Saying goodbye to your child when a new term begins is hard to bear for many parents, who may find that they are not quite ready to cut the apron strings just yet.
Whilst pursuing an undergraduate course away from home is an exciting step towards independence for your child, you must do all you can to maintain your relationship from a distance and provide the support that they need to fulfil their educational goals. Long distance parenting is always difficult but with these top tips you can stay close and build an even stronger relationship with your child wherever they are.
Advise but don’t intrude
Whilst mum (or dad) always knows best, being a continuous source of advice for your children during this defining time in their lives means treading a very fine line. Provide advice and support without judgement or lectures and your child will be more likely to return time and time again for your knowledge.
Send care packages
As every student will tell you things can get a little difficult on the financial front during their time at university, however, encouraging your child to remain independent in this area is an important step in their development. Instead of sending money to fund their time at university consider sending care packages of food, treats and home comforts to help them settle in and thrive during their time at university.
Not only will sending care packages help your child to live and enjoy their time at university, it will also curb the homesickness that goes hand-in-hand with living away from home for the very first time.
Respect your child as a grown-up
Moving away to pursue undergraduate study is perhaps the first time that your child will feel like a fully-fledged young adult so show them the respect they need to thrive. Keep up to date with their personal and professional progress and celebrate their achievements along the way, all it takes is a few positive comments to give your child the respect they want and need.
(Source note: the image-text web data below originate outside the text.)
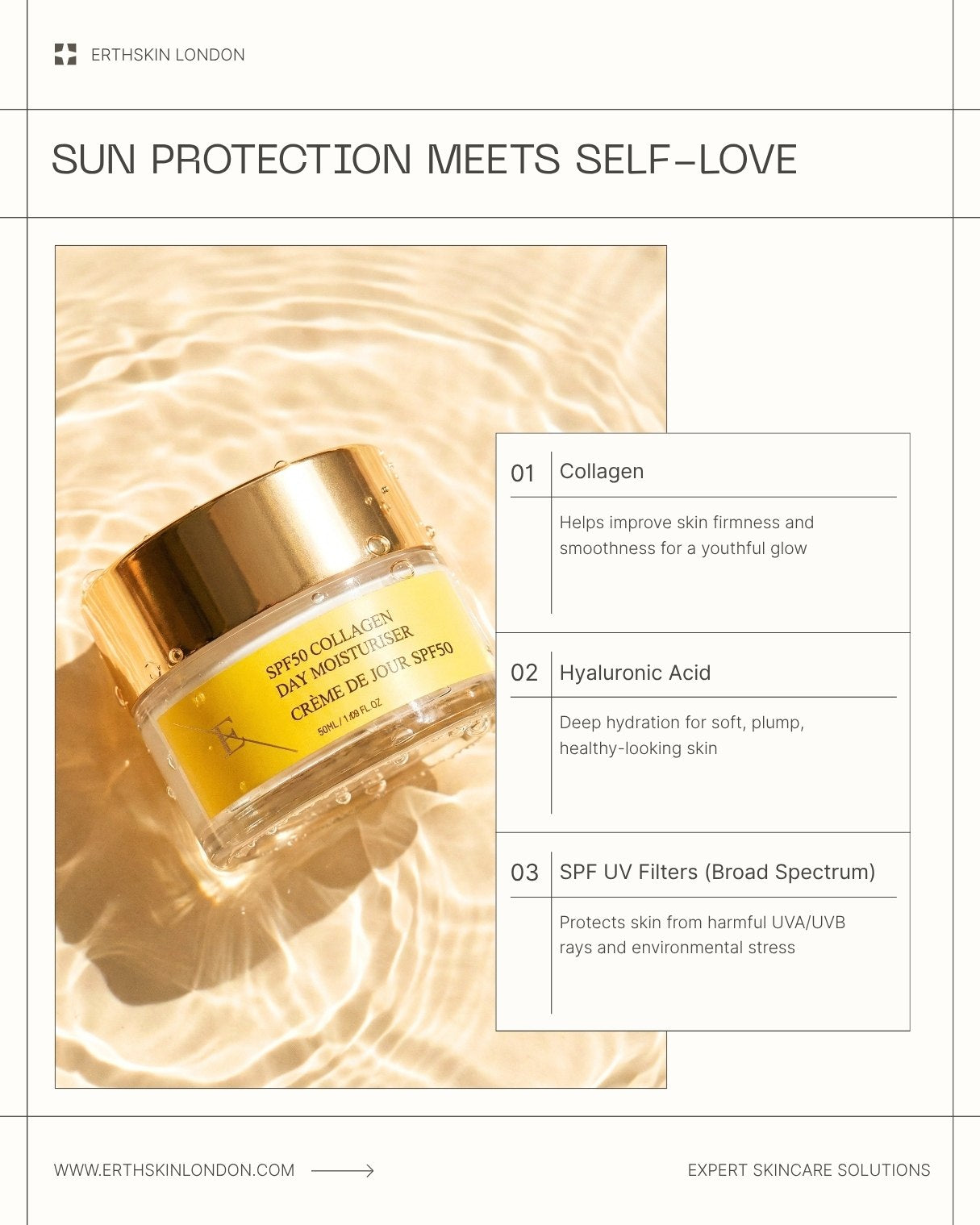 erth-skin-spf-collagen-day-cream-lsf-50-tagescreme-50ml-vanille image 4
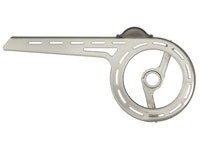 CAR04S per guarnitura 4252 denti - CARTER IN ACCIAIO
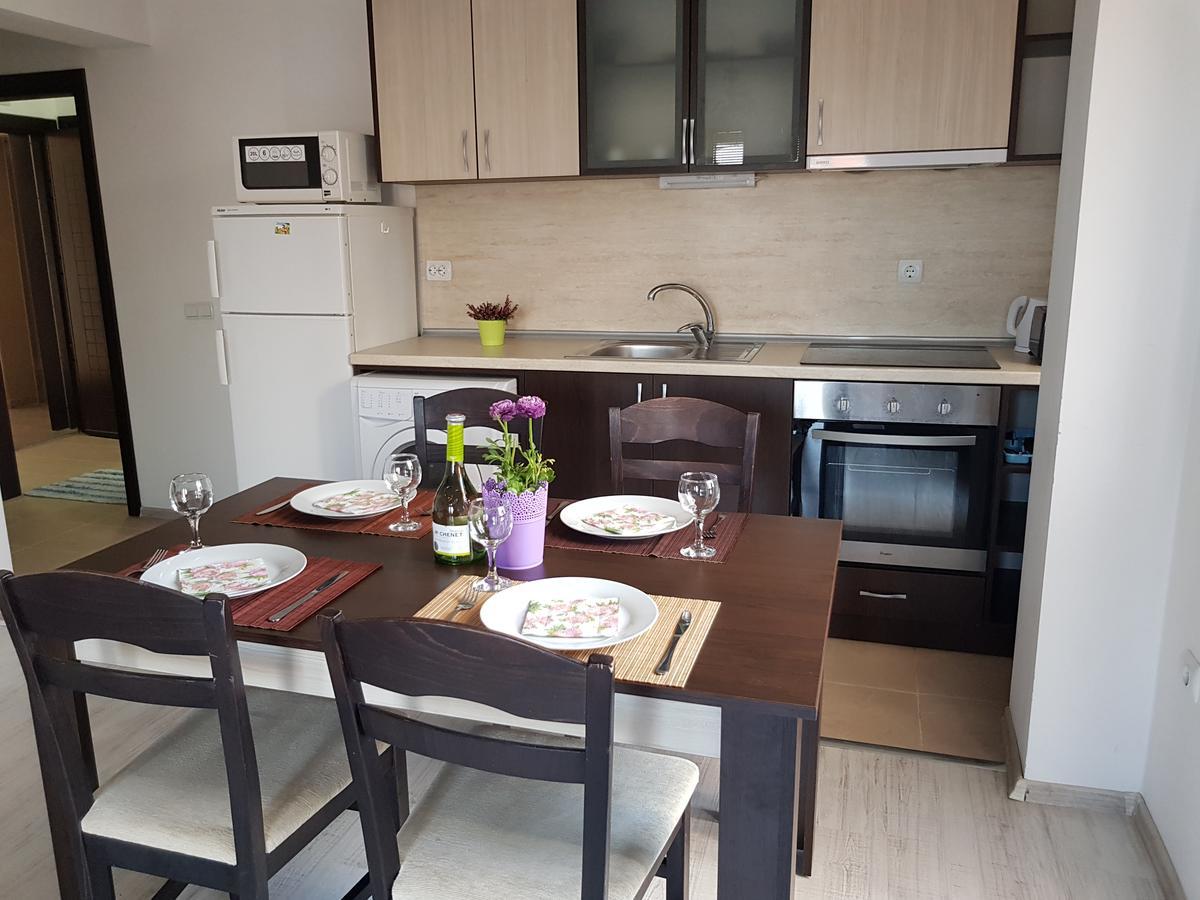 Family Aparthotel Vintegra Burgas Exterior foto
Keeping the lines of communication open between you and your child doesn’t mean turning up unannounced at their student halls! Call, text message and email to check in with your child regularly. It may be worth establishing what both you and your child expect in terms of communication before they move away, whether this means calling once a week or keeping you up to date with regular emails. Try not to be too pushy though, some level of distance is needed to support your child on their path.